Kitaro's US DVD Adventure

Western stories of humans encountering the supernatural are usually told from the viewpoint of the humans; and usually feature the humans as either victims or warriors battling hostile magical beings. While all of that also appears in Japanese popular culture, the Japanese also have stories where humans and the other-worldly try to coexist, often through the efforts of a protagonist who is of both worlds.

One example that is wildly popular in Japan is GEGEGE NO KITARO, a manga feature that first appeared in 1959 and that has been adapted into multiple animated series and movies over the decades. When we visited Japan in 2007, toy stores were packed with merchandise from this series.



The DVD of 2007's live action KITARO movie has been released in the U.S., and I watched it this afternoon. From what I've seen of the original, the story and design are fairly faithful to the original; and while the effects are relatively low-budget, the effects folks do a good job of translating into CGI creatures that look ripped from the comics page. The biggest departure is the transformation of the lead character, the one-eyed half human Kitaro, from a short, pudgy-faced kid into a eurasian teen dreamboat played by Eiji Wentz.

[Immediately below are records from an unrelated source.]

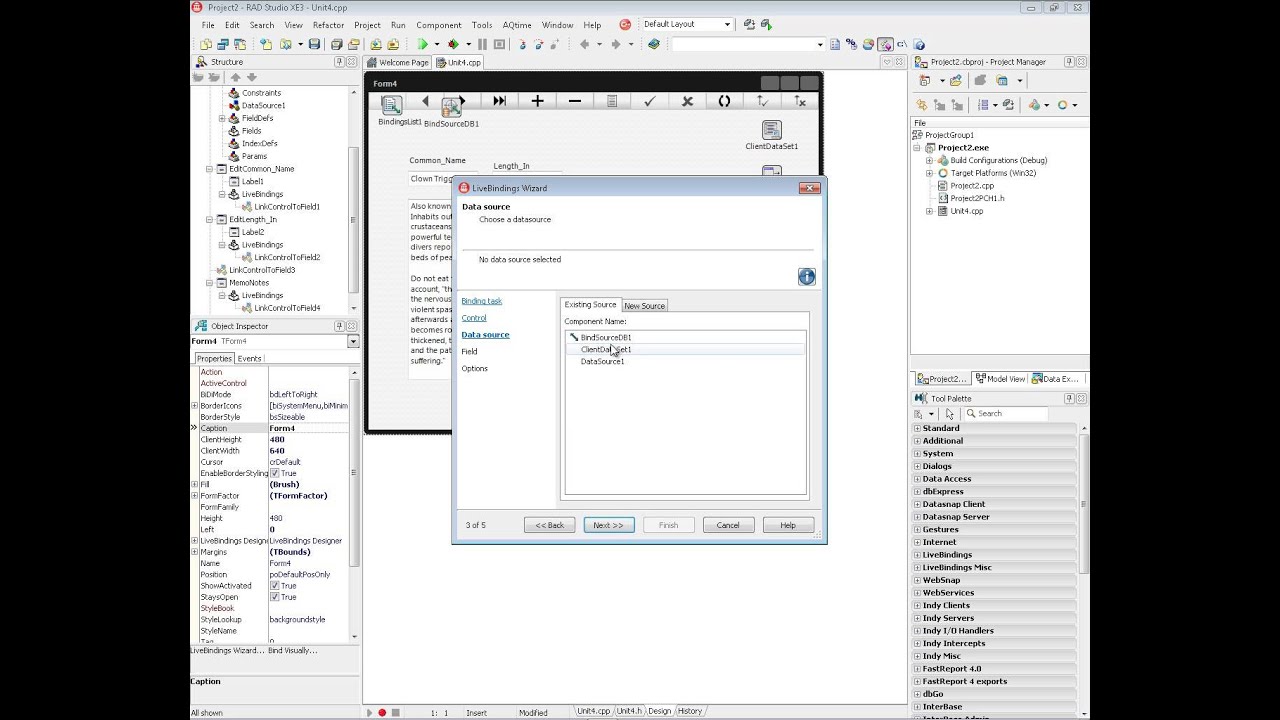 January 6, 2013 - Your first Dataset C++ FireMonkey application using ClientDataSet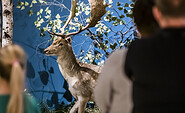 Anmut in der Tierwelt - Damhirsch mit Schaufelgeweih, Foto: David Marschalsky, Lizenz: Naturkundemuseum Potsdam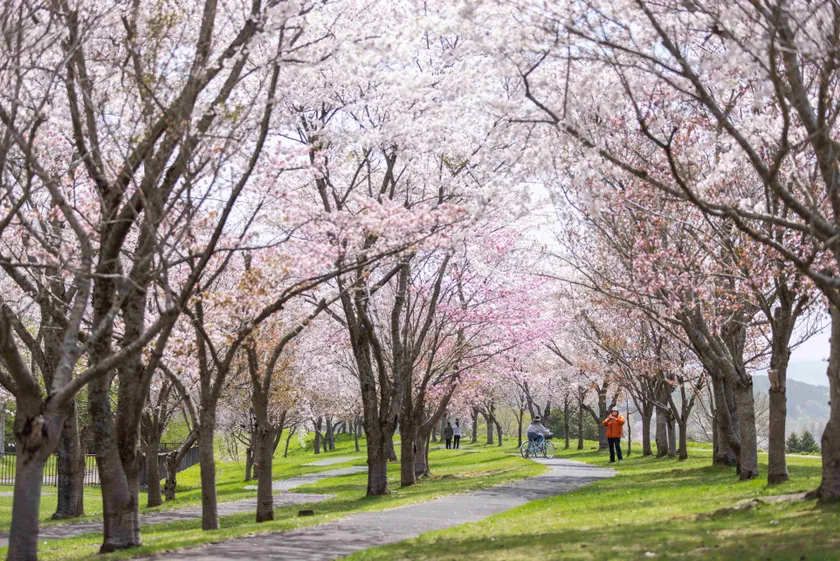 桜が美しい季節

The whole affair is plainly meant for kids, so the scares aren't too scary and the plotline does not delve deep. But there is plenty of wonder and beauty in the visuals. Certainly, a supernatural creature who looks like a bearded head mounted in a flaming wheel, who reproduces himself multiple times and becomes the wheels of a steam locomotive that chugs into the afterlife, is something seldom seen in live-action cinema.